Le périple commence par le poste-frontière d'Hito Cajon, à 4500m d'altitude. Une voiture du tour que nous prendrons pour aller jusqu'à Uyuni nous laisse au Refuge de la Laguna Blanca pour 3 jours et 3 nuits, histoire de préparer sereinement l'ascension. On rencontre l'illustre guide Macario, 437 ascensions du volcan à son actif, et qui a participé à toutes les expéditions High Lakes de la NASA pour étudier les formes de vie extrêmes... Après d'âpres tractations auxquelles nous ne comprenons pas grand chose (les guides ici se partagent les rares ascensionnistes qui passent, d'où certaines tensions...), c'est finalement bien avec lui que nous partirons vendredi matin.
D'ici là, on s'acclimate en se balladant entre 4300 et 5000m (grande première pour Olga!), entre volcans bruns et rouges et lac vert émeraude.
A part ça, on sent qu'on est arrivés en bolivie: les Aymaras qui tiennent le refuge comprennent à peine l'espagnol, la vue de la cuisine nous passe l'envie de consommer la nourriture locale, et on expérimente le froid permanent qui règne ici (on est d'ailleurs pas mécontents de nos duvets!). Coup de chapeau quand même à ces personnes qui vivent ici, l'isolement et le rude climat doivent mettre les organismes à rude épreuve...

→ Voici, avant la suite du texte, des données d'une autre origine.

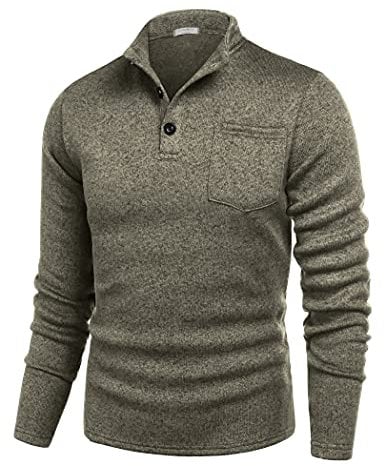 COOFANDY Pullover Herren Langarm Stehkragen Basic Pullover mit Knöpfen Warm Casual Langarmshirt Khaki XXL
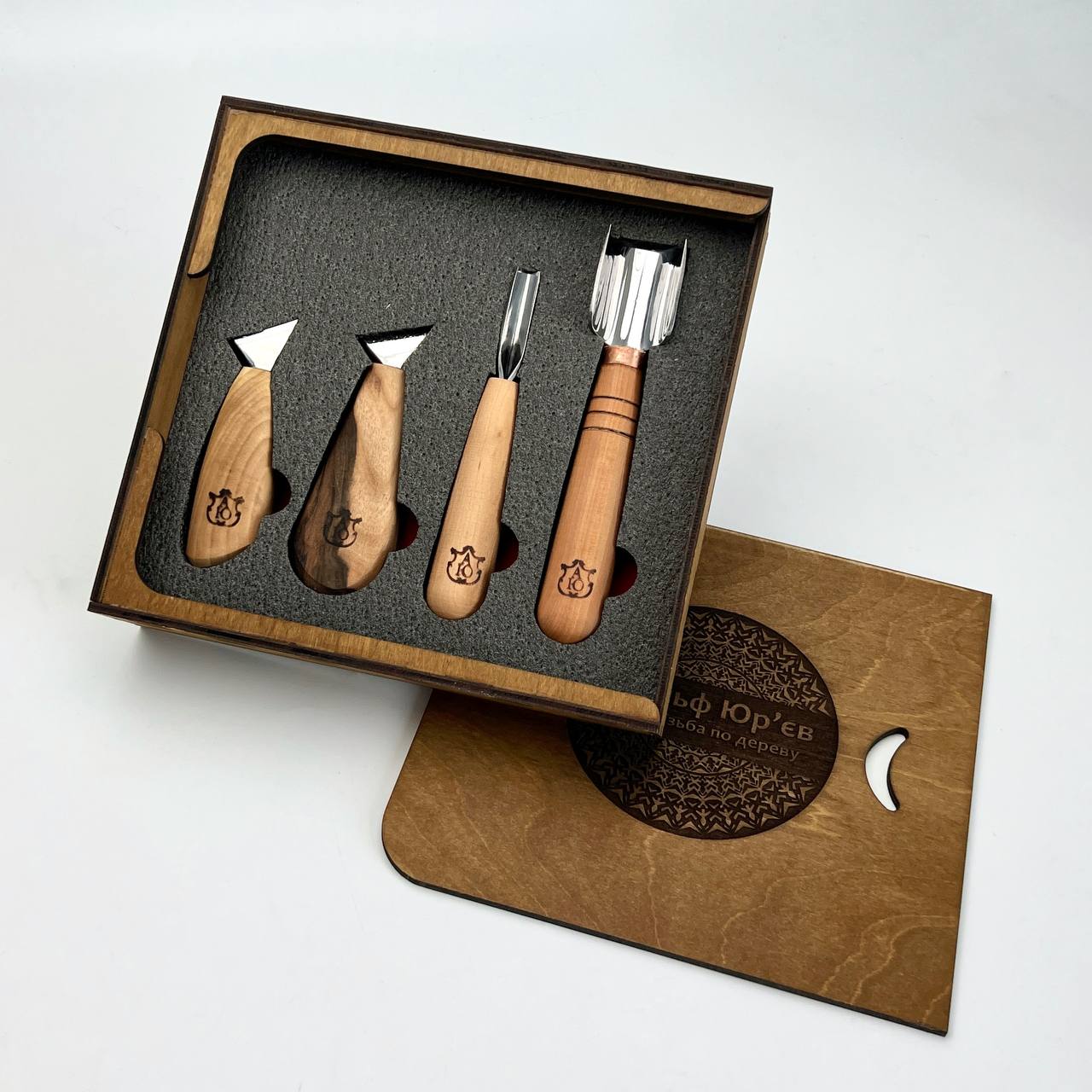 Chip carving set for starters, Chip carving kit STRYI 4 pcs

Vendredi matin, lever à 3h30, départ de la marche à 5h, à 4500m. On a mis tous nos habits pour affronter le froid de l'aube, et rien n'est superflu. On bénit le type qui nous a passé les chaufferettes, on a seulement "un peu" froid aux orteils. Un couple d'anglais, Tom et Charlotte, se sont joints à nous pour l'ascension, mais Charlotte lâche prise vers 4900m, et reste avec un second guide. On continue à monter, lentement mais sûrement, et on se dit que c'était une bonne idée de passer un peu de temps en altitude!

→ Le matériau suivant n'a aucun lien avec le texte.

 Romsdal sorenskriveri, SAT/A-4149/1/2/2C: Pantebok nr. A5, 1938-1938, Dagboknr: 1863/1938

Vers 5200m, Olga a un gros coup de pompe, et doit s'arrêter tous les 20m pour reprendre son souffle. Envie de dormir, mal à la tête, les symptômes classiques de l'altitude. Quelques feuilles de coca et elle s'accroche, elle a trop envie d'arriver en haut!
L'aube est magnifique, la Laguna Verde s'éclaire et dégèle lentement et les volcans de l'altiplano se découpent sur l'horizon. On continue doucement parmis les éboulis et les gros blocs, Quentin n'a pas trop de mal pour le moment et pousse Olga à continuer.
Mais plus on monte, plus c'est dur, plus c'est lent, plus il fait froid, et il faut une bonne dose de motivation pour atteindre la cumbre, après un interminable dernier passage dans des marches volcaniques bien raides...
Grosse émotion au sommet, la vue est splendide, et le froid est supportable. Le petit lac est bien là, entièrement gelé, et Macario fait une offrande feuilles de coca. On aura mis 6h30 pour monter, bien dans les normes en fin de compte même si on avait l'impression de ne plus avancer sur la fin...
La descente sera plus rapide, dans de grandes pentes d'éboulis que l'on dévale à grande vitesse. Macario fait un petit détour pour montrer à Quentin le Tío de la Laguna, étonnante scultpture naturelle de lave qui ressemble à s'y méprendre à un petit vieux accroupi, contemplant le magnifique paysage. Un petit tour enfin par des ruines incas au pied du volcan, et c'est le retour au refuge vers 15h.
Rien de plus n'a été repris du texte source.